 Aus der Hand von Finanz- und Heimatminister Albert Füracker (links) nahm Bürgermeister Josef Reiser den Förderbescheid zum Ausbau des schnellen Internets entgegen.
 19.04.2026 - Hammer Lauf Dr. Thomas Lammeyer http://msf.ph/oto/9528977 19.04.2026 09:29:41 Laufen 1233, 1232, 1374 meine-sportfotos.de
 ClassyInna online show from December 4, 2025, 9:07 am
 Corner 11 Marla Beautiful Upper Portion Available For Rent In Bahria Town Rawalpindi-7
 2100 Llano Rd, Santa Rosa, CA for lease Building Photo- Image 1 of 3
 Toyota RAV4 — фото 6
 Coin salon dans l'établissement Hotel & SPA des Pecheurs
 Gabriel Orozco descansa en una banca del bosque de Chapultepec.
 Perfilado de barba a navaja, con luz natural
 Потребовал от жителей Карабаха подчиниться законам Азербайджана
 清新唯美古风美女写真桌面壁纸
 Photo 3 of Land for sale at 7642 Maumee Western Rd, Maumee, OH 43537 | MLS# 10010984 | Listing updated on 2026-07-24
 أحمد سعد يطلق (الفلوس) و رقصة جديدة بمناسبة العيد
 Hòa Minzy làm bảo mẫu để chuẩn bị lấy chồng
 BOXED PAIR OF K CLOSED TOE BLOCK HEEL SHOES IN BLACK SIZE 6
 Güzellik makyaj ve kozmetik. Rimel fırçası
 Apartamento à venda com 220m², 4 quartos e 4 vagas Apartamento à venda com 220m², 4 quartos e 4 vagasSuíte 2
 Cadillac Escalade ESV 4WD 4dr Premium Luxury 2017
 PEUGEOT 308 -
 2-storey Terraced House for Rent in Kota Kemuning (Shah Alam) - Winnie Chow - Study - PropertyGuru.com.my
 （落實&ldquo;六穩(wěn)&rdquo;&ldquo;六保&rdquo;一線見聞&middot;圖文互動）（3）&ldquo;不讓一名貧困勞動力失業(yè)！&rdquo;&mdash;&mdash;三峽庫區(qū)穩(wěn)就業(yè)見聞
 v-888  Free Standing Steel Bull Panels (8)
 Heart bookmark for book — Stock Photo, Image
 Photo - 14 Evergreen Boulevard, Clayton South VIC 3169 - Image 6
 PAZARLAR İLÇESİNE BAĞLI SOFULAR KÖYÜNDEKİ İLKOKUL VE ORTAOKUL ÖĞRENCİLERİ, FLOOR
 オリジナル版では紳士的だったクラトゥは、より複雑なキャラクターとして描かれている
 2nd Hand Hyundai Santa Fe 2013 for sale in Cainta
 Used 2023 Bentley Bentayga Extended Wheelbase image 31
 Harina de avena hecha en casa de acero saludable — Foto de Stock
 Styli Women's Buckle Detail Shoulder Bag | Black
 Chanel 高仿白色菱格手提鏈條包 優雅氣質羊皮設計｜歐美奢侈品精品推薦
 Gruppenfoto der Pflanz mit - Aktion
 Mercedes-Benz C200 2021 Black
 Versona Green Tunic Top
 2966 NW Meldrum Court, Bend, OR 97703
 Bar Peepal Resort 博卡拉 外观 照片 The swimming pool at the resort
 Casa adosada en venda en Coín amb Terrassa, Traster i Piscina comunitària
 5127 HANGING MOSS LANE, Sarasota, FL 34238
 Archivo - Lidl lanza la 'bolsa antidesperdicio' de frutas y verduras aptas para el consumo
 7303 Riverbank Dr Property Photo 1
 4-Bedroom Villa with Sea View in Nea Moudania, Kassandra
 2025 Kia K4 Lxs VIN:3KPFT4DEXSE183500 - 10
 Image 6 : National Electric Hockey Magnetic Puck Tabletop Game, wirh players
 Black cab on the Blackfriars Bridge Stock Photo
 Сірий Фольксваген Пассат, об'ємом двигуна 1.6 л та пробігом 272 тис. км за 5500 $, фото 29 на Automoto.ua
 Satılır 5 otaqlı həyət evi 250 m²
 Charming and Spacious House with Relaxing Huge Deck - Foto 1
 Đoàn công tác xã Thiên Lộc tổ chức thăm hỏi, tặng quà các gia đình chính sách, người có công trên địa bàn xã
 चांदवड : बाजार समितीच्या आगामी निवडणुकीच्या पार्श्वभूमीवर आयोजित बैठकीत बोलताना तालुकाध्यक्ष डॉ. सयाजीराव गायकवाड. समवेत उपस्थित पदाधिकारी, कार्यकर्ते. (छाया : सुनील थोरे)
○ ○ ○ ○ ○ ○ ○
TASK GOAL
Show all lines in the entries above where the word "venda" appears.

THE ANSWER
 Apartamento à venda com 220m², 4 quartos e 4 vagas Apartamento à venda com 220m², 4 quartos e 4 vagasSuíte 2
 Casa adosada en venda en Coín amb Terrassa, Traster i Piscina comunitària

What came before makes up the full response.